[Caption-style text data]
- - -
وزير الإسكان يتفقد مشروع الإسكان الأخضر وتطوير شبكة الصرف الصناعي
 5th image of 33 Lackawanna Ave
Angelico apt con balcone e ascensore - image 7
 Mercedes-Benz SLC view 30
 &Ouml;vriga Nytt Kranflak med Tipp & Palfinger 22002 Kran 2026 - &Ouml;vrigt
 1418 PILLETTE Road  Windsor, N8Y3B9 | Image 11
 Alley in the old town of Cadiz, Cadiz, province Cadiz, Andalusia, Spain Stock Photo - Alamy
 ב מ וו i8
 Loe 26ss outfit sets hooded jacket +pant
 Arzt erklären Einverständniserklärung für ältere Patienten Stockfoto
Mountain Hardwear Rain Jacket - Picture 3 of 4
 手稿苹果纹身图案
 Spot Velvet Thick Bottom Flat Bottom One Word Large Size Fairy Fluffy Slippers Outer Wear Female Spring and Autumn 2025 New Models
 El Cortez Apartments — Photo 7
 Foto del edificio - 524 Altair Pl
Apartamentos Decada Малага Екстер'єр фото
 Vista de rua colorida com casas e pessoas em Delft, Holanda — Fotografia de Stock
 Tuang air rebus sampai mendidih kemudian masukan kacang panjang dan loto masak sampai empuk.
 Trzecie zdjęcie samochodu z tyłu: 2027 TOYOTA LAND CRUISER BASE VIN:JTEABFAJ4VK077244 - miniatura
- - -
> _Task statement_:
Could you set down exactly the lines from the one containing "Alley in the" through the last line of the records above, both included?

> _Answer to this task_:
 Alley in the old town of Cadiz, Cadiz, province Cadiz, Andalusia, Spain Stock Photo - Alamy
 ב מ וו i8
 Loe 26ss outfit sets hooded jacket +pant
 Arzt erklären Einverständniserklärung für ältere Patienten Stockfoto
Mountain Hardwear Rain Jacket - Picture 3 of 4
 手稿苹果纹身图案
 Spot Velvet Thick Bottom Flat Bottom One Word Large Size Fairy Fluffy Slippers Outer Wear Female Spring and Autumn 2025 New Models
 El Cortez Apartments — Photo 7
 Foto del edificio - 524 Altair Pl
Apartamentos Decada Малага Екстер'єр фото
 Vista de rua colorida com casas e pessoas em Delft, Holanda — Fotografia de Stock
 Tuang air rebus sampai mendidih kemudian masukan kacang panjang dan loto masak sampai empuk.
 Trzecie zdjęcie samochodu z tyłu: 2027 TOYOTA LAND CRUISER BASE VIN:JTEABFAJ4VK077244 - miniatura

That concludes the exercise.